As TheWrap’s own Alonso Duralde writes, “Love and Thunder” contains “many of the surface pleasures of an MCU movie but also a nagging sensation that none of this quite works.”

“Similar to ‘Spider-Man: No Way Home’ and ‘Doctor Strange in the Multiverse of Madness’ before it, ‘Thor: Love and Thunder’ [is] an excellent example of Marvel still not being quite sure how to pick up ongoing narratives that get interrupted by massive crossover events,” The Verge’s Charles Pulliam-Moore writes. “‘Love and Thunder’ clearly wants to keep its focus fixed on Thor, who hasn’t headlined his own film since 2017. But so much has happened within the MCU since then that [its] ability to create a cohesive and compelling sense of shared continuity with its predecessors is initially limited.’”

Similar to recent MCU installments, “Thor: Love and Thunder” runs more than two hours. And for critics, the runtime itself isn’t the problem, so much as the pacing of it.

“The way it utilizes that run time borders on erratic,” ComicBook.com’s Jenna Anderson says. “Some gags stretch on for a little too long, while some key emotional moments feel like they need one more scene to really “work.”

Of course, the appreciation for Christian Bale as Thor’s adversary Gorr the God Butcher is just about unanimous. For most, the zealot is similar to Killmonger (Michael B. Jordan) of “Black Panther” in the “he’s not wrong but he’s not acting right” sense, with critics praising how grounded and non-campy Bale’s portrayal is.

“Bale is so creepy and so committed that you can feel his hatred melt your popcorn,” AP’s Mark Kennedy writes.

Others praise the continued chemistry between Chris Hemsworth and Natalie Portman as Thor and Mighty Thor/Jane Foster respectively, and the lovability that Tessa Thompson and Waititi bring as Valkyrie and Korg.

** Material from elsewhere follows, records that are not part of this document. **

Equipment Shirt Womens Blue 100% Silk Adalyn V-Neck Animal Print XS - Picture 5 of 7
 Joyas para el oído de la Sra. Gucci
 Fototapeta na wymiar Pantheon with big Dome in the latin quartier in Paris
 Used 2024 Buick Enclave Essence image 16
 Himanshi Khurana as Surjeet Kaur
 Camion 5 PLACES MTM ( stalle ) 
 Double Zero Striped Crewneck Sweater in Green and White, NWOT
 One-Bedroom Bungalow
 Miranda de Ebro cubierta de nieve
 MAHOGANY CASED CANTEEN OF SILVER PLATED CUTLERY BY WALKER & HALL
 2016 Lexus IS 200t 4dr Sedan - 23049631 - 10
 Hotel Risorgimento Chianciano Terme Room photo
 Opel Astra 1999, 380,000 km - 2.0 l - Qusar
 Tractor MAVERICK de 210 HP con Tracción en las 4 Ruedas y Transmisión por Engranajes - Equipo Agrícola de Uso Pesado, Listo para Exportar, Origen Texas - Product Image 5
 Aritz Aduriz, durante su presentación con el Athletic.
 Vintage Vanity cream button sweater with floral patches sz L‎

TheWrap’s Alonso Duralde continues to sum it up as such: “I didn’t leave “Thor: Love and Thunder” feeling annoyed — Waititi and Team Marvel are too shrewd as showpeople not to keep the pace lively and the scope massive — but it falls far short of the best of the franchise.”

Following the early reviews, “Thor: Love and Thunder” sits at 71% on Rotten Tomatoes, from 78 critics.